Rainbows and Electric Chairs:
A Christian View on Capital Punishment
Moral Philosophy — By Joe Carter on April 17, 2008 at 12:31 am Earlier this week the Supreme Court debated whether the rape of children should be punishable by execution. In deciding the case of Patrick Kennedy, a Louisiana man who raped his 8-year-old stepdaughter, the Court could determine whether the death penalty is extended to crimes other than murder. The case is also likely to reopen debates on the question of the moral legitimacy of state-imposed death. Are there any legitimate reasons for supporting the death penalty? Should child rape be a cause for execution?
Personally, I believe that the Bible not only should be our primary guide on such questions but that it also provides sufficient answers. I also believe that we should not rely on the three primary justifications given for the death penalty — deterrence, protection of society, and retribution — but should instead advocate for the Biblical model of justice.
As a Christian I believe that many human institutions, including civil government, are divinely ordained and delegated a certain degree of authority and responsibility. While ultimately under God’s control, civil government is given a degree of sovereignty over certain spheres of human existence. One of the most important areas which government is ordained is in dispensing justice.
While no government is able to carry out this task perfectly, the more it conforms its view of justice with God’s moral law the more legitimate its authority and the more just the state will be. We are able to know the moral law because it is revealed to us either through special revelation (e.g., the Bible) or through natural revelation (e.g., the natural law). For the purpose of justifying capital punishment we will turn to special revelation.
Christians often look back to the Mosaic Law when searching for justifications for capital punishment. This is hardly surprising considering that in the law God gave the Israelites, twenty-one different offenses were considered worthy of the death penalty.
The problem with this approach is that the Law of Moses only applied to Israel. Since this particular covenant was made between God and the Hebrew people, it was never universally applicable. While we might be able to discern moral truths by looking to the Law our decisions on how to apply it would be arbitrary. How would we rationalize, for example, applying the death penalty to cases of murder but not for homosexuality?

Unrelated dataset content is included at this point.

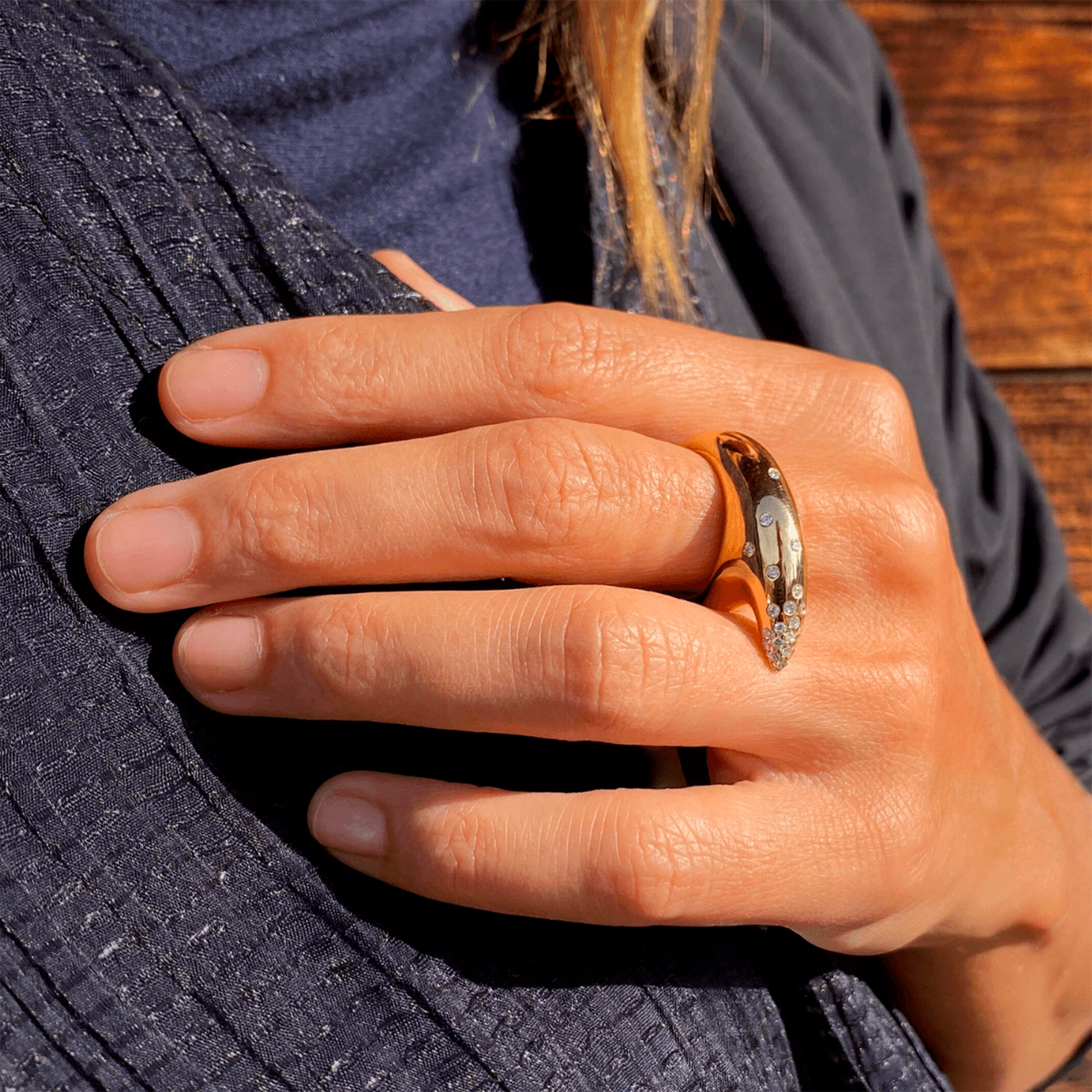 Diamond M Crescent Disperse Ring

Although the Mosaic Law doesn’t provide a sound basis for a defense of capital punishment, there is a covenant that does - the Noahic covenant. After God destroyed mankind with a flood, he established a covenant with Noah, his family, and (most importantly for us) his descendants. Along with the promise that He would never destroy the earth by water again, God included this moral command:
Whoever sheds the blood of man, by man shall his blood be shed, for God made man in his own image. (Gen. 6:9, ESV)

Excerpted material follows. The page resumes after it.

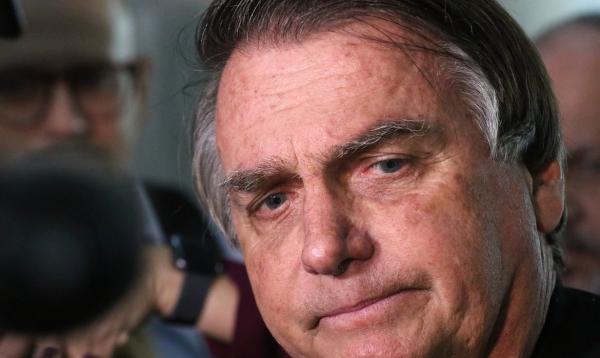 Ex-presidente chega à PF para prestar depoimento sobre joias sauditas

This verse not only provides a moral norm for capital punishment but delegates the responsibility to mankind (i.e., government) and limits it to a particular crime (murder). This sets a very narrow range of applicability. The rape of a child is one of the most heinous crimes imaginable. But in the absence of a clear Biblical mandate to expand the penalty beyond murder, I do not believe we can justify including child-rape under the crimes that deserve death.
We should also note that since this covenant is ‘everlasting’ (v. 16) and ‘for all future generations’ (v. 12), it’s as applicable today as it was in the age of Noah. Unlike the Mosaic Law, this covenant was never superseded by any later actions of God. We should also note that if we choose to ignore this command, we are choosing to reject God’s wisdom. Governments and societies, of course, may choose to rebel against God’s commands but for professing Christians this shouldn’t be an option.
Of course there may be times when the ability of the state to implement the death penalty is egregiously compromised. The problems that can occur with its application are numerous and complex so we must remain ever vigilant against its abuse. Indeed, respect for human dignity demands that we err on the side of caution to prevent the unjust killing of those falsely accused of committing murder. The legitimate objections, however, appear to associated with its application, rather than in the moral legitimacy of the death penalty itself.
Long ago, God made a promise to never again destroy the human race with a flood. When we see the rainbow in the sky we are to remember the everlasting covenant between God and “every living creature of all flesh that is upon the earth.” As Christians, though, we should do more than that. When we see a rainbow we should remember that we are made in the image of God–and remember too the price that must be paid when we destroy an image-bearer.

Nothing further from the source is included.